सर्पिरिक्षुरसं द्राक्षां पयो वा शर्कराम्बु वा । मधुराम्लौ रसौ वापि वमनाय प्रदापयेत् ।। वमतः कोष्ठशुद्धिः स्याद् धूमगन्धश्च नश्यति । विधिनानेन शाम्यन्ति सदनक्षवथुज्वराः ।। दाहमूर्च्छातृडाध्मानश्वासकासाश्च दारुणाः । मधुरैर्लवणाम्लैश्च कटुकैः कवलग्रहैः ॥ सम्यग्गृह्णातीन्द्रियार्थान् मनचास्य प्रसीदति । शिरोविरेचनं तस्मै दह्याद् योगेन शास्त्रवित् ।। दृष्टिर्विशुध्यते चास्य शिरोग्रीवञ्च देहिनः । अविदाहि लघु स्निग्धमाहारञ्चास्य कल्पयेत् ॥ २२ ॥

Now hear me discourse on the course of medical treatment to be adopted in the case of one over-powered with smoke. Emetics in the shape of clarified butter mixed with sugarcane juice or milk saturated with the juice of grapes, or lumps of sugar-candy dissolved in an adequate quantity of water, or any acid potion slightly sweetened, should be administered to the patient. The contents of the stomach are speedily discharged by vomiting; the distension of the abdomen is removed; the smell of smoke in the breath is mitigated, and the accompanying fever with (its concomitants) of sneezing, languor, thirst, cough, laboured breathing etc. is abated, and the patient is restored to consciousness. Gargles having a sweet, saline, acid or pungent (katu) taste restore the sense-perception of the patient, and gladden his mind. Medicated snuffs in adequate quantities should be administered by a well-read physician to such a patient, whereby his head, eyes and neck would be able to resume their normal functions. And a course of diet, which is light, emollient and not acid in its reaction, should be prescribed. 22

उष्णवातातपैर्दग्धे शीतः कार्यो विधिः सदा । शीतवर्षानिलैर्दग्ध उष्णं स्निग्धञ्च शस्यते ।

तथातितेजसा दग्धे सिद्धिर्नास्ति कथञ्चन ।। २३ ।।

Cooling measures or application should be prescribed or made in the event of any part of the body being scorched by excessive heat, or by being exposed to a draught of hot and parched wind. Similarly, hot and emollient measures of applications should be resorted to where any part of the body has become frozen or shrivelled by snow or cold winds.

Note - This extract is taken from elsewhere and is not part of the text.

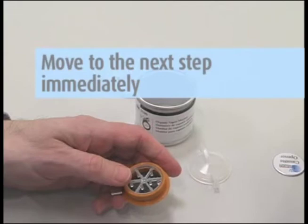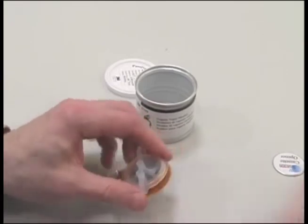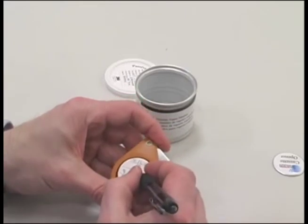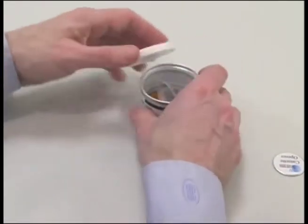Be sure to move to the next step immediately. When using the 3M Organic Vapor Monitor 3500, snap the elution cap with plugs onto the main monitor body. Be sure the two port plugs are pushed closed securely. Record the final sampling time on the back of the monitor. The OVM is now ready for shipment.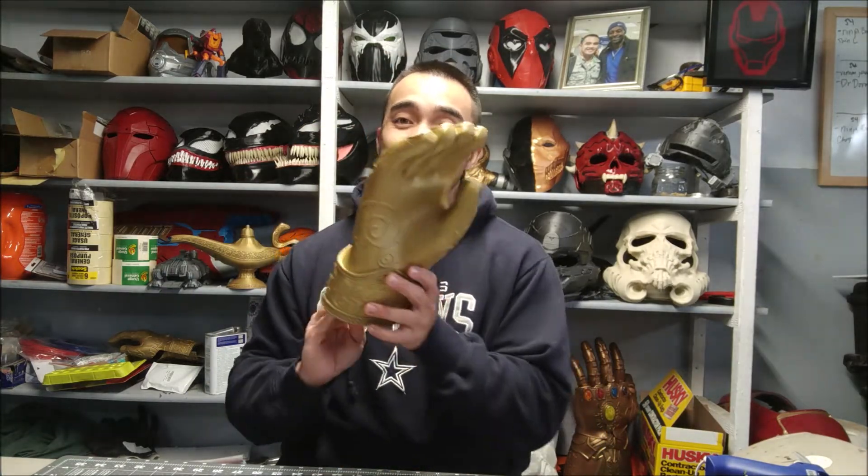Hey guys, what's up? Nico here, and in this video I 3D printed Jamie Lannister's hand. Let's go check it out.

A person struck by lightning should be regarded as beyond the pale of medicine. 23

इति सुश्रुतसंहितायां सूत्रस्थानेऽग्निकर्म्मविधिर्नामद्वादशोऽध्यायः ॥१५॥

Thus ends the twelth Chapter of the Sutrasthana in the Susruta Samhita which treats of Cauteries and the rules to be observed in their use.

1. Additional texts: Where the scorching would be found to be considerably extensive; otherwise such measures as lubrication with medicated unguents etc. should be adopted in a case where the patient is picked up alive.